Soy protein has already been shown to have a protective effect on hormone-related cancers including breast cancer and prostate cancer. But if the link between estrogen and colon cancer is confirmed, the study could further expand the benefits of the natural phytoestrogen.
Cancer of the colon or rectum is the second deadliest form of cancer after lung cancer but is also considered one of the most preventable types of cancer, as there are several dietary factors that appear to play a protective role against the disease.
"This study suggests that colon cancer may be a hormone-responsive cancer which may provide new ways to treat and or prevent this disease," said Ruth MacDonald, professor of food science at the University of Missouri-Columbia in the US. "In addition, we discovered that soy protein could have a very positive effect on the number and size of tumors that do occur."
For the study, published in the January issue of the Journal of Nutrition (134:179-182), MacDonald fed female mice five different diets, and then followed their progress for a year. The five diets were designed to compare the effects of specific ingredients.
Diet one was made with milk protein, and diet two contained soy protein. Both diets were lacking any kind of estrogen.
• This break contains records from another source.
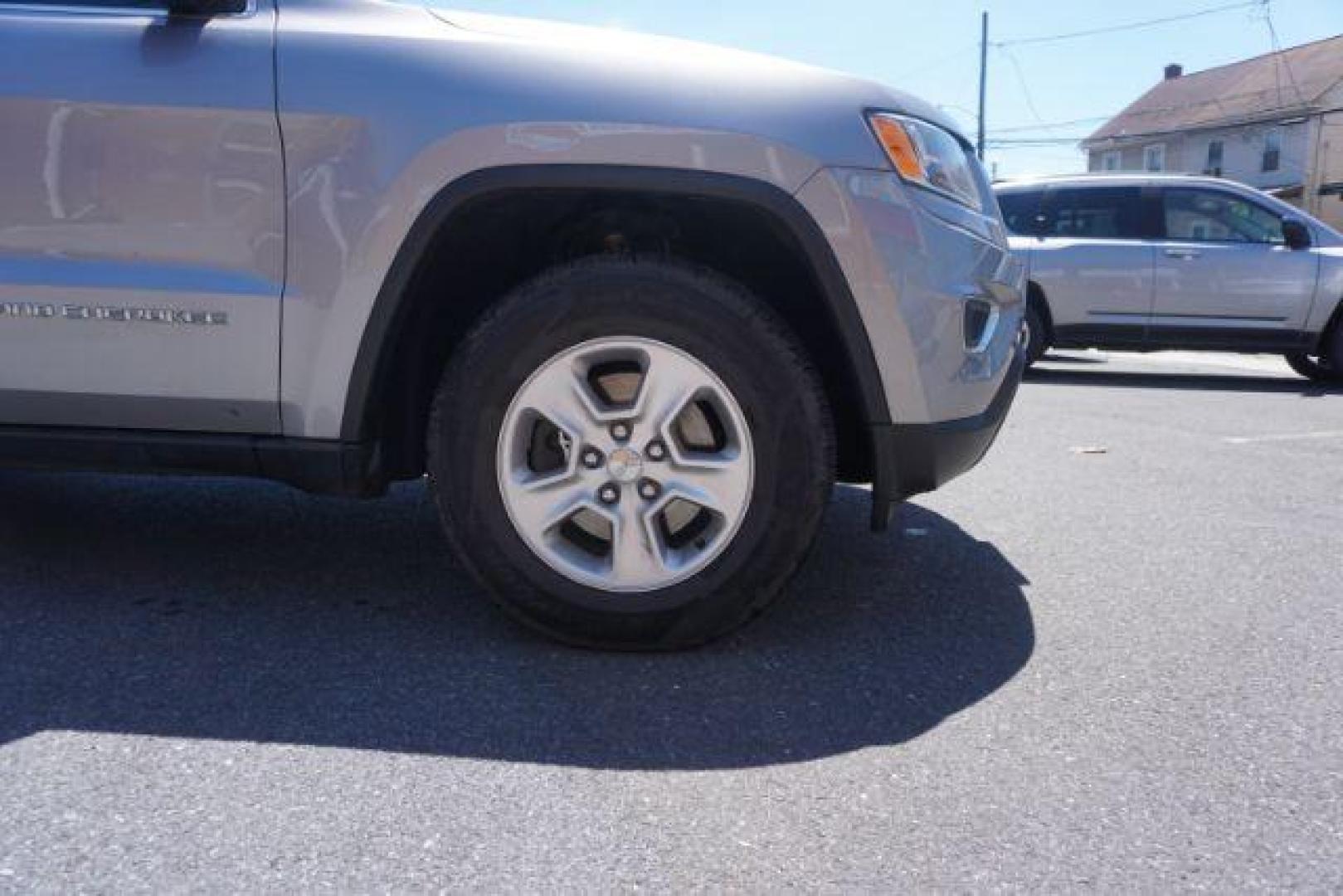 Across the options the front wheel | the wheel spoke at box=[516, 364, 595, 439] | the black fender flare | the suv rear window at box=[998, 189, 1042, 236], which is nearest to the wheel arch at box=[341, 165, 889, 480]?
the black fender flare

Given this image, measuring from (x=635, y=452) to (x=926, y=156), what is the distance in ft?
3.17

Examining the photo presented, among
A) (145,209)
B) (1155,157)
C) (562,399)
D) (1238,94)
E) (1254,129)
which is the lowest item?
(562,399)

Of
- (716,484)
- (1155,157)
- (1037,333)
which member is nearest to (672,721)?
(716,484)

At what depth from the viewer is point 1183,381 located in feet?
32.1

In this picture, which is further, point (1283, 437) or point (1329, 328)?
point (1329, 328)

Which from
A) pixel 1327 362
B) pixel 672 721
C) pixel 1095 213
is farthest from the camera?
pixel 1095 213

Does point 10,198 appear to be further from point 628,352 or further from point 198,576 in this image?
point 628,352

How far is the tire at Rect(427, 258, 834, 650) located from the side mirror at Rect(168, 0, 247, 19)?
3.10ft

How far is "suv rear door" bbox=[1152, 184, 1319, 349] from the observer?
908 cm

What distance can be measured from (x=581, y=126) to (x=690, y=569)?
1008 mm

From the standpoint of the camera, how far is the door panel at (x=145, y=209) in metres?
2.52

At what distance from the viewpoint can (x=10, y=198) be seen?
257 centimetres

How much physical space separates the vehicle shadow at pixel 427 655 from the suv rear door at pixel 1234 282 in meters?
6.48

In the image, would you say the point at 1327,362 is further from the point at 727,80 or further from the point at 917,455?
the point at 727,80
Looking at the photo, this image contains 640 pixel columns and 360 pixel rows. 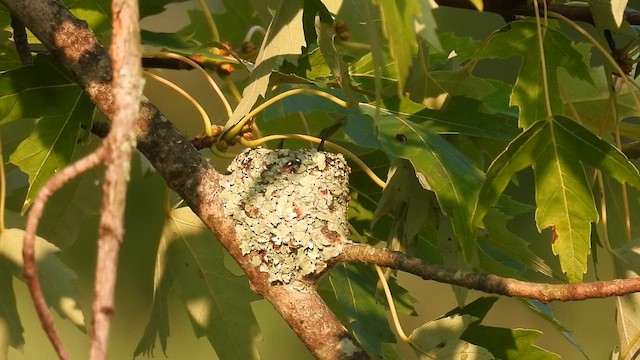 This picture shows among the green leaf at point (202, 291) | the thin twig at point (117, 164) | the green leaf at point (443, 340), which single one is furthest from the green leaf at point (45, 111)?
the thin twig at point (117, 164)

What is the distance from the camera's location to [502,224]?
3.20ft

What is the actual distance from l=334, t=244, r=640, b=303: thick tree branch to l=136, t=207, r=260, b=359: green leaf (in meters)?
0.26

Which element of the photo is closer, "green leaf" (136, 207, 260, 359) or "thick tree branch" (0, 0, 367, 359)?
"thick tree branch" (0, 0, 367, 359)

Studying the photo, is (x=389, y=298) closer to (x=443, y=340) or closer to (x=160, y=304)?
(x=443, y=340)

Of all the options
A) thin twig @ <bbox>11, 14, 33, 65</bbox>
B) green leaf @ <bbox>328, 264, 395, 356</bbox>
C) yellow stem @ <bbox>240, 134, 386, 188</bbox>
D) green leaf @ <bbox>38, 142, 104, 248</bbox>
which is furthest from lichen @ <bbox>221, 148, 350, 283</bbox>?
green leaf @ <bbox>38, 142, 104, 248</bbox>

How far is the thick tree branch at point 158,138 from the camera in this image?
0.84m

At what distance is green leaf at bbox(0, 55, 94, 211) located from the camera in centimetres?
95

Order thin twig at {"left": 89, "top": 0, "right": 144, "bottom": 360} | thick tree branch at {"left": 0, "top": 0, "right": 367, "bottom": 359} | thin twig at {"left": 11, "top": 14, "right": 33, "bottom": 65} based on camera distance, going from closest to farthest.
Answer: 1. thin twig at {"left": 89, "top": 0, "right": 144, "bottom": 360}
2. thick tree branch at {"left": 0, "top": 0, "right": 367, "bottom": 359}
3. thin twig at {"left": 11, "top": 14, "right": 33, "bottom": 65}

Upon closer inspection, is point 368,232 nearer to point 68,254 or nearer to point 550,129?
point 550,129

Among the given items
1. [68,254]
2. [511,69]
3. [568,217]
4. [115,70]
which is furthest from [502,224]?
[511,69]

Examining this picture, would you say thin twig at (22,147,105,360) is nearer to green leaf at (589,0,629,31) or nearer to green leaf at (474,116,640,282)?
green leaf at (474,116,640,282)

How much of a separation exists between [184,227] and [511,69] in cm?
212

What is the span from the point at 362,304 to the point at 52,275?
1.03 feet

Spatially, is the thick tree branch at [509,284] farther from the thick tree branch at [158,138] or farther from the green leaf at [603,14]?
the green leaf at [603,14] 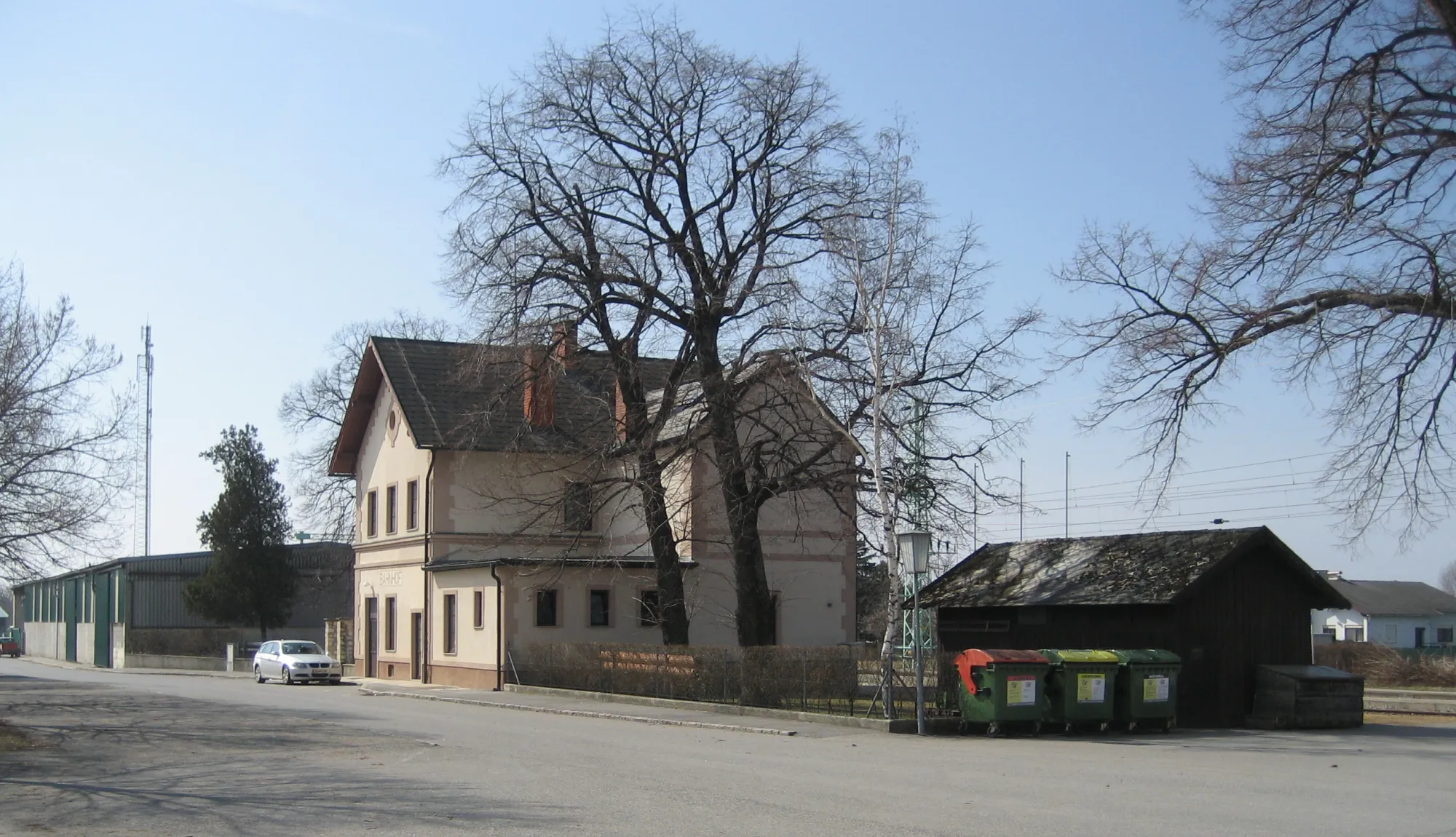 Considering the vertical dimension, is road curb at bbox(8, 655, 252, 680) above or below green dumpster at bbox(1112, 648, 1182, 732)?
below

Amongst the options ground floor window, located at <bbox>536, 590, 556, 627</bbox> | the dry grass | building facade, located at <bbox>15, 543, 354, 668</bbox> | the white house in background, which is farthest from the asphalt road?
the white house in background

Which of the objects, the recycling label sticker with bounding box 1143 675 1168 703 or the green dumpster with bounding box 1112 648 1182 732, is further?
the recycling label sticker with bounding box 1143 675 1168 703

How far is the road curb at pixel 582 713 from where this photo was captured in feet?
80.7

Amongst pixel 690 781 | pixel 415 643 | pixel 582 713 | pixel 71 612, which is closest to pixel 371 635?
pixel 415 643

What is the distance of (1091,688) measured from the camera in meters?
23.6

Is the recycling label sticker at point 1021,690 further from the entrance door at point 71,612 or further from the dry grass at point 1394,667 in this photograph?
the entrance door at point 71,612

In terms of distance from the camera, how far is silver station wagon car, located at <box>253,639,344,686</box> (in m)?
44.6

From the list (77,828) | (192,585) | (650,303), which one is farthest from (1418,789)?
(192,585)

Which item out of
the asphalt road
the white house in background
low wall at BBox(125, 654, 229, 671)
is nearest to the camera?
the asphalt road

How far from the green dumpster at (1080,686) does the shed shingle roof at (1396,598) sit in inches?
2707

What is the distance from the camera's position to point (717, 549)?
4147cm

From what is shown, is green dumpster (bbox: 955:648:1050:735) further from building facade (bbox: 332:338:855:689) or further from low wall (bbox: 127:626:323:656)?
low wall (bbox: 127:626:323:656)

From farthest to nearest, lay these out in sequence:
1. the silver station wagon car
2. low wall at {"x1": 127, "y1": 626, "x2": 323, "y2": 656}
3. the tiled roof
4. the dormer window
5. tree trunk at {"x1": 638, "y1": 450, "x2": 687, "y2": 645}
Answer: low wall at {"x1": 127, "y1": 626, "x2": 323, "y2": 656}
the silver station wagon car
tree trunk at {"x1": 638, "y1": 450, "x2": 687, "y2": 645}
the tiled roof
the dormer window

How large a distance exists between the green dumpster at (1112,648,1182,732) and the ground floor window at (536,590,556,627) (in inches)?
757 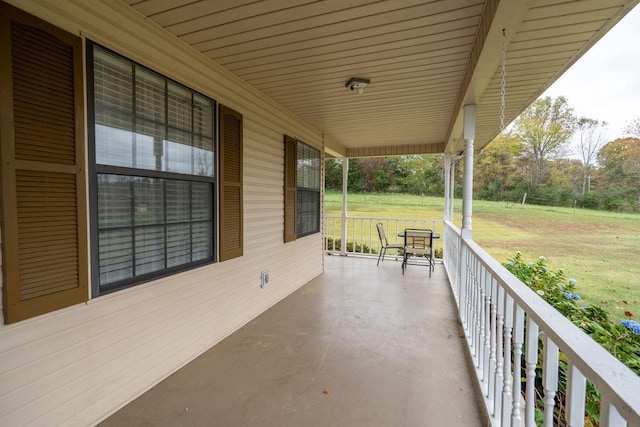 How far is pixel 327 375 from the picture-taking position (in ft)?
7.95

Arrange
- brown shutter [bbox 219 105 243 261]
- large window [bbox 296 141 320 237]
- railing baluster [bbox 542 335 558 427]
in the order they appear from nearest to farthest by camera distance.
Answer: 1. railing baluster [bbox 542 335 558 427]
2. brown shutter [bbox 219 105 243 261]
3. large window [bbox 296 141 320 237]

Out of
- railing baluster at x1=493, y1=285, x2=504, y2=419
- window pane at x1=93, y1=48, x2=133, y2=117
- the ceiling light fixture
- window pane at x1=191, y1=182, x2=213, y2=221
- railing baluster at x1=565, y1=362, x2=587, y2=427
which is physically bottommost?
railing baluster at x1=493, y1=285, x2=504, y2=419

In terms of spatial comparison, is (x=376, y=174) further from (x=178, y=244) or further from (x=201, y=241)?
(x=178, y=244)

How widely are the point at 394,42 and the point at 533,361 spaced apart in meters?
2.22

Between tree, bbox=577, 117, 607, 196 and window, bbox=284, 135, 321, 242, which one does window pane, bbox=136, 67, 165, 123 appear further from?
tree, bbox=577, 117, 607, 196

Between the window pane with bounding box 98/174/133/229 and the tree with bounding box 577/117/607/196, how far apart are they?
Answer: 3.43 meters

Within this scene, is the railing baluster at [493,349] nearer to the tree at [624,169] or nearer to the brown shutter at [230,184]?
the tree at [624,169]

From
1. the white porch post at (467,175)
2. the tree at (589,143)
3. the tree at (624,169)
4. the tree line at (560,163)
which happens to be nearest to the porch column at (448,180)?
the tree line at (560,163)

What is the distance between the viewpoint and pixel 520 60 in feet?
7.58

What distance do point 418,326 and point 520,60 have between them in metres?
2.66

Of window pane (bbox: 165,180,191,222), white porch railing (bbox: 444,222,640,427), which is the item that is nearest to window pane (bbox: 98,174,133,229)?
window pane (bbox: 165,180,191,222)

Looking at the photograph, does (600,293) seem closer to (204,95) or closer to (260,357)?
(260,357)

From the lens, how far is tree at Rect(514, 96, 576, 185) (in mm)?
3597

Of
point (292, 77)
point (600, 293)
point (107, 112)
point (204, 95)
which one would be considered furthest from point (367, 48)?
point (600, 293) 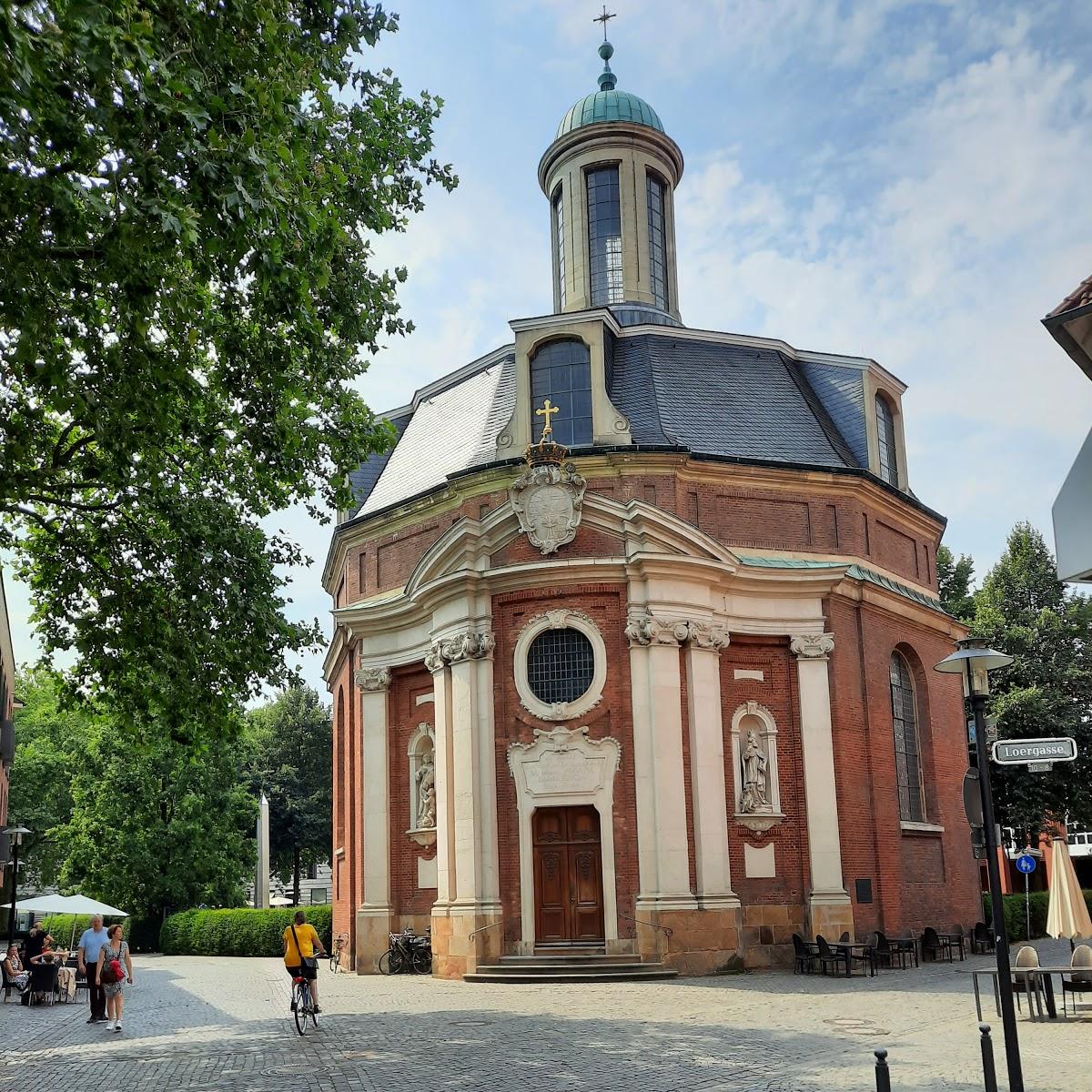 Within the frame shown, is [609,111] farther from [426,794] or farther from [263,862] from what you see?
[263,862]

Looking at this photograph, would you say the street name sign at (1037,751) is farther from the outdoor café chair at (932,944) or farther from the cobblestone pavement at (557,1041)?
the outdoor café chair at (932,944)

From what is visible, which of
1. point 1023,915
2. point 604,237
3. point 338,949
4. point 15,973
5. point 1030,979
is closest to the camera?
point 1030,979

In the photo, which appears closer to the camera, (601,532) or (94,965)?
(94,965)

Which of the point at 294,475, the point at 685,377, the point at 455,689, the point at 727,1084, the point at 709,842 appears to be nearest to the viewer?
the point at 727,1084

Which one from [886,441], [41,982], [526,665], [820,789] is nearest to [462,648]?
[526,665]

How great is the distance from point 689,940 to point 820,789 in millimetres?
4241

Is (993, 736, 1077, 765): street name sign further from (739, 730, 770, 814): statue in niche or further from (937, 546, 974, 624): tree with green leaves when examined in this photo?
(937, 546, 974, 624): tree with green leaves

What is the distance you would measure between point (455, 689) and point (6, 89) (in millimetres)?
17990

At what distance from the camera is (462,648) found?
25.3 meters

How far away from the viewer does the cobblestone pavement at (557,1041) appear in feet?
40.8

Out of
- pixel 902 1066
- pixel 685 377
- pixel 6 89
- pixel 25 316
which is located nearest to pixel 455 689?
pixel 685 377

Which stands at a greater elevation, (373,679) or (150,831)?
(373,679)

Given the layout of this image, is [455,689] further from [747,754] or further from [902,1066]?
[902,1066]

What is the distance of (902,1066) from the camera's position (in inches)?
500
The other three diets contained soy protein with the addition of an estrogen component. Diet three contained soy protein and genistein, an estrogen-like compound found in soy. Diet four contained ADM's Novasoy, containing a mixture of soy-derived compounds including genistein, and diet five contained estrone, a naturally occurring human estrogen.
MacDonald found that while all the soy/estrogen diets gave some protection, the diet containing estrone was the most effective in preventing colon cancer. This is the first time such a finding has been documented. The dose of estrone the mice received was similar to levels used in hormone replacement therapy.
The researcher also discovered that those mice that ate soy protein and did develop colon cancer had fewer and smaller tumors than those mice that did not eat soy protein.
"We know that soy protein may be helpful in the prevention of heart disease, but this work suggests it may also be beneficial in the prevention and control of colon cancer. The good news is that there are many ways to add soy to your diet now and we know of no harmful side-effects to eating soy protein," said MacDonald.
MacDonald is continuing her study to determine how the compounds work to provide protection of colon cancer.